Ian McEwan's Amsterdam was something of a disappointment. It reminded me slightly of Iris Murdoch's The Sea, The Sea, with which I have a rocky relationship. The reviews I've seen complain about the plot, which is reasonable enough. Though the plot is not the point here, as with so much of the fiction I read: it is the characters, the conversations, ideas, the craftsmanship. It is well-written, not quite to the standard of Atonement, but good. Very much a 'booker prize novel'.
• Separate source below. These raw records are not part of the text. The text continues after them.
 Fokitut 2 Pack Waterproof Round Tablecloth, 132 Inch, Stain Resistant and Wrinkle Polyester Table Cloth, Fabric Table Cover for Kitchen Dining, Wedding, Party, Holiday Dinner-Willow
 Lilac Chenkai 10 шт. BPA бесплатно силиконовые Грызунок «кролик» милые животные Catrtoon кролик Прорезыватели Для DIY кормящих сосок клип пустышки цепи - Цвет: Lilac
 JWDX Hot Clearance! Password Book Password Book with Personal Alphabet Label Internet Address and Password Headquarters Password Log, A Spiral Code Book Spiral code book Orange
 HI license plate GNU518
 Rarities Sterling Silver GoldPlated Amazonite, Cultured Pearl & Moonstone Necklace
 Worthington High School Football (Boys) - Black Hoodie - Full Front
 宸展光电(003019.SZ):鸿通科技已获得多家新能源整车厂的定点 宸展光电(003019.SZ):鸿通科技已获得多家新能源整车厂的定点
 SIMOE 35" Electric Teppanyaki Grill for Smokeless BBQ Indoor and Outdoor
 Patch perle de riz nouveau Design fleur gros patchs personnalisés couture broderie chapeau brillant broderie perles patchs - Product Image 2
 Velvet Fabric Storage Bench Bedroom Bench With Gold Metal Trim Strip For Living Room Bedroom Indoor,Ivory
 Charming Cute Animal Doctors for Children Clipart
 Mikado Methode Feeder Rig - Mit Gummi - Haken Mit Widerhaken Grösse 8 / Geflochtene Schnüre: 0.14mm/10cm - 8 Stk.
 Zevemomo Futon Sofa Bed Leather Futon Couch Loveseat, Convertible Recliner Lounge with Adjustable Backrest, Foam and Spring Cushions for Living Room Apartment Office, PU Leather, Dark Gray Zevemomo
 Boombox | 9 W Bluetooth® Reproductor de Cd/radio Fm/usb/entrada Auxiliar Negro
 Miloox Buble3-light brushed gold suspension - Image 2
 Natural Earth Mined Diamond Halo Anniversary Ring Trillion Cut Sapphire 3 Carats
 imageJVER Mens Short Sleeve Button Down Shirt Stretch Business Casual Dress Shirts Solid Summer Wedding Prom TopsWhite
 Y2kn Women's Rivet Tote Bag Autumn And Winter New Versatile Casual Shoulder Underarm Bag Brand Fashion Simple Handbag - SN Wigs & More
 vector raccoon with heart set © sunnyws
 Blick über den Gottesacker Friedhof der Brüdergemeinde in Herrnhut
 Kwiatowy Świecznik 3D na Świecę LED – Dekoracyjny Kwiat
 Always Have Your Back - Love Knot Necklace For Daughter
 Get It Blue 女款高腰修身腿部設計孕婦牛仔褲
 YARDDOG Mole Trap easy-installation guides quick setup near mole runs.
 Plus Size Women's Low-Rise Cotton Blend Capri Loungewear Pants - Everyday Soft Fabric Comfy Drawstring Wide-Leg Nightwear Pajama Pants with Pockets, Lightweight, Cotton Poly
I picked up The Rights of Desire, André Brink, on [livejournal.com profile] withered_petals's recommendation, I think. Am I totally off with the name? A response to Coetzee's Disgrace, one of my favourite books. It's explicitly referenced, and alluded to throughout: I think of it as Brink's post-colonial vision, a reshaping of Coetzee's. The same relationship of middle-aged, bookish man and young, captivating girl. The story is interesting enough, but Brink does not quite get under the skin of his protagonist. And I don't think the distance was intentional.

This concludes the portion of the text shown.